After all, these things do not concern me personally. You are anxious
about what you may have said under the oak; you are afraid of having
offended the king, and I wish to tranquillize you by ascertaining myself
if it were possible you could have been overheard."

"Oh, yes, Madame, the king was close to us."

"Still, you were not speaking so loud that some of your remarks may not
have been lost."

"We thought we were quite alone, Madame."

"There were three of you, you say?"

"Yes; La Valliere, Montalais, and myself."
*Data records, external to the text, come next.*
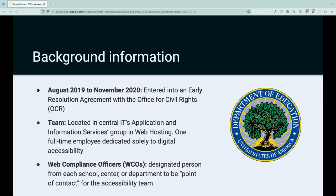In August of 2019, Penn entered into an early resolution agreement with the Office for Civil Rights, which is under the Department of Education. When we entered into this agreement, we committed to a few things: first, to hire a full-time accessibility professional, which was me; second, to implement an accessible reporting process so anyone using a Penn website or application could easily raise accessibility issues.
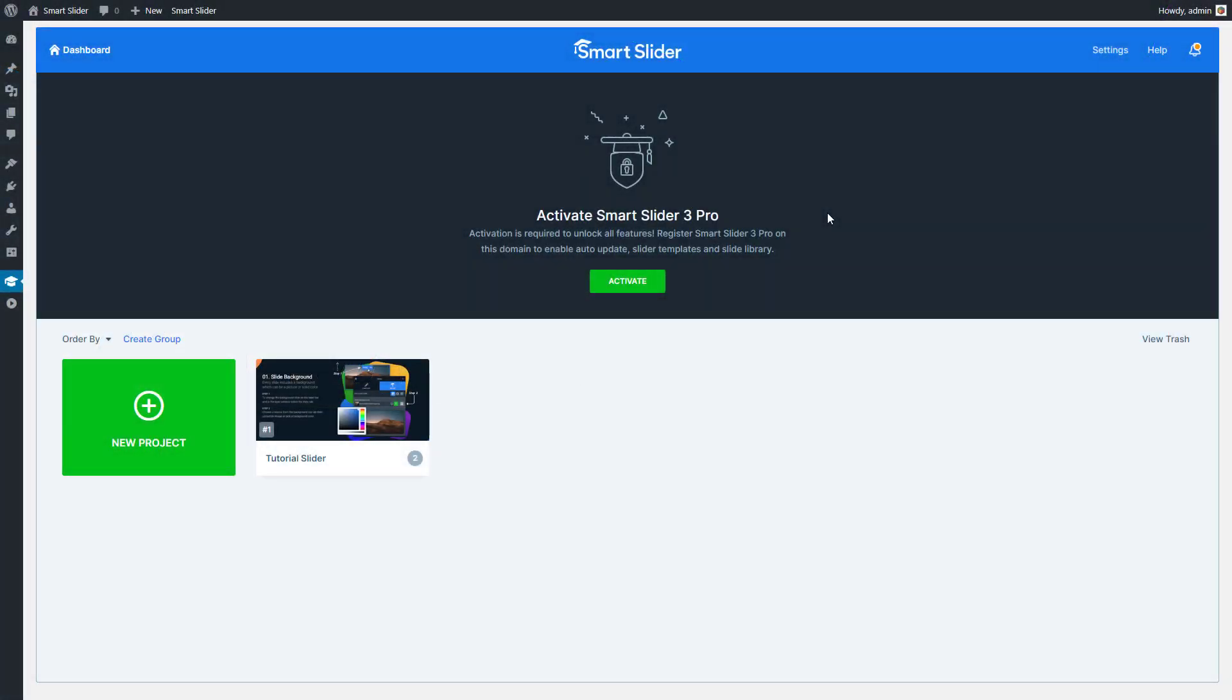Hey, this is Peter from Nextonweb. In this video I would like to show you how you can activate the Pro version of Smart Slider on your website.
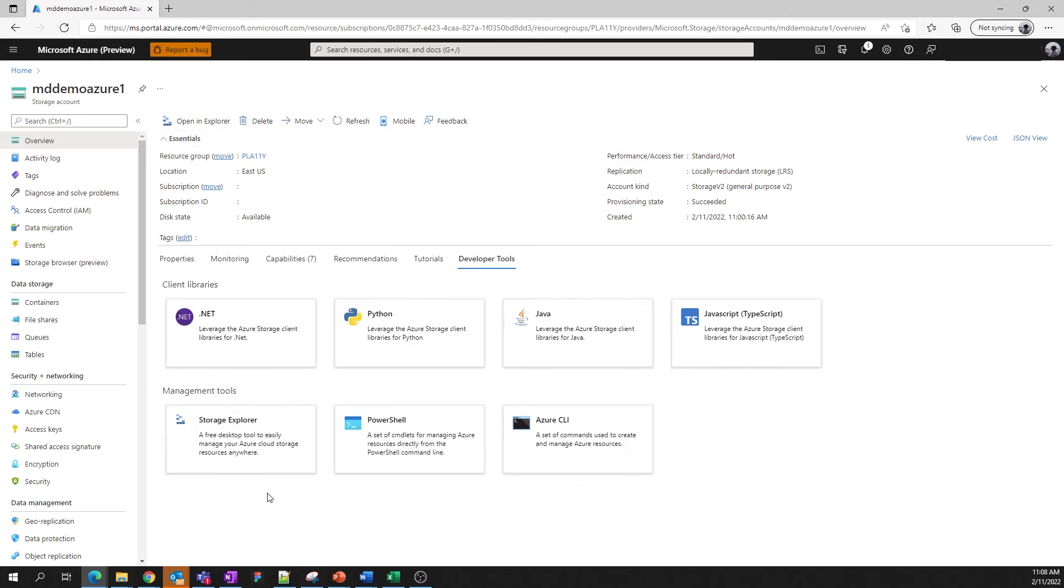If you're working with multiple storage accounts, this is a great tool to utilize. If you're looking to use automated tools like PowerShell or Azure command line interface, we also provide links to key commands for those touch points.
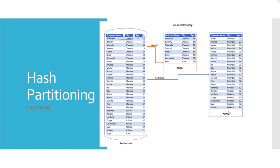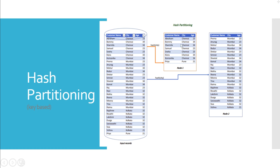You may observe that Node 1 has a small number of records compared to that of Node 2. Hence, Node 2 will have to do a lot more work compared to Node 1. This is the disadvantage of hash partitioning method - it creates uneven sized partitions.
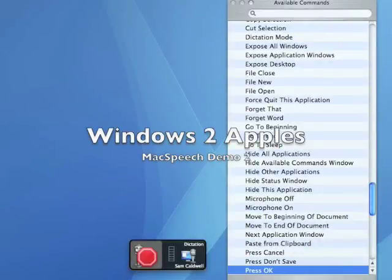This tutorial will focus on Mac Speech Dictate commands that allow you to open and interact with applications, as well as modify text once it has been dictated.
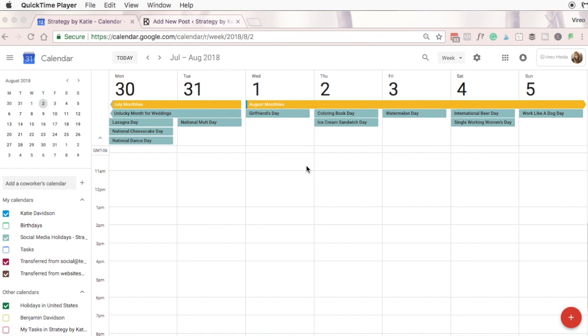Sometimes all you need is to be able to share your calendar with someone so you can see when your calendars will line up. If that's the case, Google Calendar is a perfectly fine option.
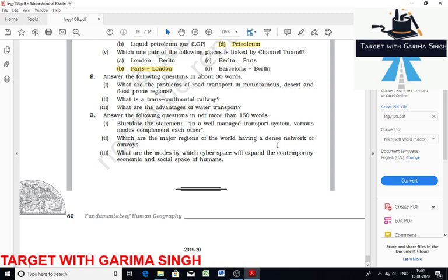Which are the major regions of the world having a dense network of airways? Frequent air services are available to many parts of the world. Although the UK pioneered commercial jet transport, the USA largely developed post-war international civil aviation. Today more than 250 commercial airlines offer regular services to different parts of the world. Supersonic aircraft cover the distance between London and New York within 3.5 hours. In the northern hemisphere there is a distinct east-west belt of intercontinental air routes. Dense networks exist in eastern USA, western Europe, and Southeast Asia. The USA alone accounts for 60% of the airways of the world.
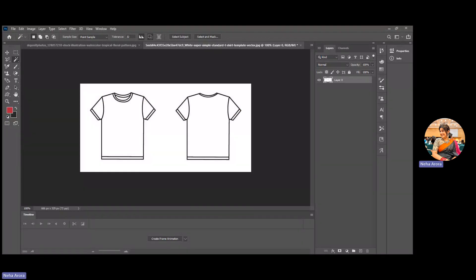Hello everyone, I'm Neha Arura. Here I'm giving you a demonstration of masking and rendering, which is the most important in the last chapter we conduct in Photoshop.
"And _you_, individually, spoke in a light manner of the king?"

"I am afraid so. Should such be the case, will your highness have the
kindness to make my peace with his majesty?"

"If there should be any occasion for it, I promise you I will do so.
However, as I have already told you, it will be better not to anticipate
evil. The night is now very dark, and the darkness is still greater
under the trees. It is not likely you were recognized by the king. To
inform him of it, by being the first to speak, is to denounce yourself."

"Oh, Madame, Madame! if Mademoiselle de la Valliere were recognized, I
must have been recognized also. Besides, M. de Saint-Aignan left no
doubt on the subject."

"Did you, then, say anything very disrespectful of the king?"

"Not at all; it was one of the others who made some very flattering
speeches about the king; and my remarks must have been much in contrast
with hers."

"Montalais is such a giddy girl," said Madame.

"It was not Montalais. Montalais said nothing; it was La Valliere."

Madame started as if she had not known it perfectly well already. "No,
no," she said, "the king cannot have heard. Besides, we will now try the
experiment for which we came out. Show me the oak. Do you know where it
is?" she continued.

"Alas! Madame, yes."

"And you can find it again?"

"With my eyes shut."

"Very well; sit down on the bank where you were, where La Valliere was,
and speak in the same tone and to the same effect as you did before; I
will conceal myself in the thicket, and if I can hear you, I will tell
you so."

"Yes, Madame."

"If, therefore, you really spoke loud enough for the king to have heard
you, in that case - "

Athenais seemed to await the conclusion of the sentence with some anxiety.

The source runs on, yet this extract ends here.